The Belper Clusters is a community of former mill workers’ cottages, constructed at the dawn of the Industrial Revolution during the 18th and 19th centuries, and the streets and cottages survive to this day with many of their original features intact. To protect the area’s legacy and historical importance, the area has been designated as part of the Derwent Valley Mills World UNESCO Heritage Site.

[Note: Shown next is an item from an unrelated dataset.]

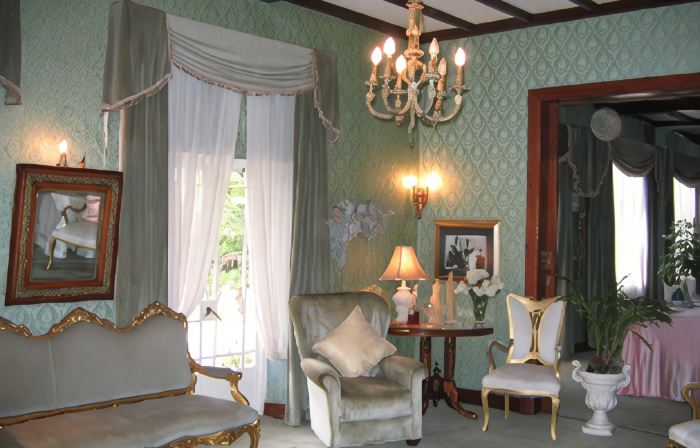Villa Victoria Executive Guest House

With growing global pressure to tackle climate change and the ever-increasing rise of new green technologies, the Clusters area felt the need to adapt to this new industrial revolution. Innovation is at the heart of the area’s heritage, and with that in mind, Cenex were commissioned via funding from the RCEF (Rural Community Energy Fund) to undertake a feasibility study to assess how this area (and others like it) can adopt electric vehicle charging and renewable energy generation technologies, while protecting the characteristics most valued by the local community.

The Development

Funded by the RCEF through Nottingham City Council (NCC), this project generated findings specific to The Clusters as well as recommendations and guidance for other communities in similar situations to follow. The potential chargepoint and renewable energy schemes were considered in-light of the area’s Conservation and World Heritage status, and aligned to other elements of the Group’s community projects, including the road renovation, education and outreach programmes, community-led activities, and art projects.

Cenex conducted desk-based research and analysis in three stages, each contributing the evidence required to build a coherent feasibility analysis:

  1. Technology Study: Desk-based research into available technologies, case studies and funding.
  2. Community Engagement: Ensure that the wider community is able to input into the feasibility assessment. An example of the results from one of our community engagement workshops is shown in Figure 1 below.
  3. Scheme Feasibility Assessment: Detailed work on aspects necessary to evaluate the overall feasibility of the scheme.

The Result

Overall, both elements of the scheme were judged to be feasible in off-street situations, and feasible in on-street situations without the integrated solar generation component. The innovative chargepoint suggestion presented will support delivery of the on-street solution, which would benefit The Clusters and create a chargepoint solution for other rural communities.

In both on-street and off-street situations, some risks were identified for mitigation, such as planning permission, landowner permission and lack of specialist skills within the project team.

It was recommended that both aspects of the scheme be taken forwards to implementation as they bring value to the community, potential value to others in similar situations and enhance the wider roads renovation project.